Kemerdekaan bergerak seseorang dapat dirampas melalui salah satu bentuk upaya paksa menurut Undang-Undang Republik Indonesia Nomor 8 Tahun 1981 tentang Hukum Acara Pidana (KUHAP), yaitu penahanan. Menurut Pasal 1 angka 21 jo Pasal 21 ayat (1) KUHAP, penahanan adalah penempatan tersangka atau terdakwa yang diduga keras sebagai pelaku tindak pidana berdasarkan bukti yang cukup di tempat tertentu oleh penyidik atau penuntut umum atau hakim dengan penetapannya.
Dalam
penahanan terdapat 2 (dua) asas yang saling bertentangan. Hak bergerak
seseorang, yang merupakan hak asasi manusia yang harus dihormati, secara
yuridis dirampas demi kepentingan ketertiban umum yang harus dipertahankan
untuk masyarakat dari perbuatan tersangka atau terdakwa. Inilah salah satu
bukti keistimewaan hukum pidana, khususnya pada aspek formil (hukum acara
pidana). Oleh karena itu, penahanan dilakukan apabila sangat perlu untuk
dilakukan (Hamzah 2011, 129). Namun, dalam praktiknya, penyidik dalam
melaksanakan upaya penyidikan cenderung melakukan upaya penahanan terhadap
tersangka (Sawitri
2011, 39).
Penahanan yang didasarkan pada alasan
subjektif terkadang telah merusak wibawa penegakan hukum yang bermartabat,
karena berpotensi menjadi komoditas yang dapat diperjualbelikan.
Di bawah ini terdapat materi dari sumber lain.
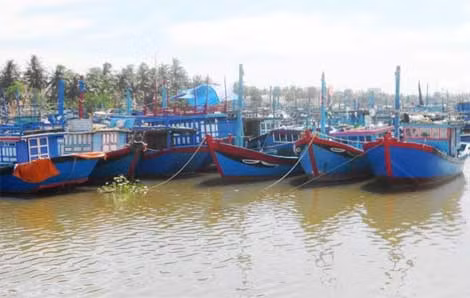 Tàu cá neo đậu tránh trú bão tại cảng Tam Quan (huyện Hoài Nhơn).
Tersangka atau
terdakwa yang memiliki status sosial tertentu dan kemampuan ekonomi yang baik
dapat mempengaruhi keputusan pejabat yang berwenang, sebaliknya tersangka atau
terdakwa yang tidak mempunyai 2 (dua) modal tersebut hanya bisa pasrah menerima
penetapan untuk ditahan (Kasim and Nusa 2019, 74).
Penahanan dilakukan dengan adanya 2 (dua)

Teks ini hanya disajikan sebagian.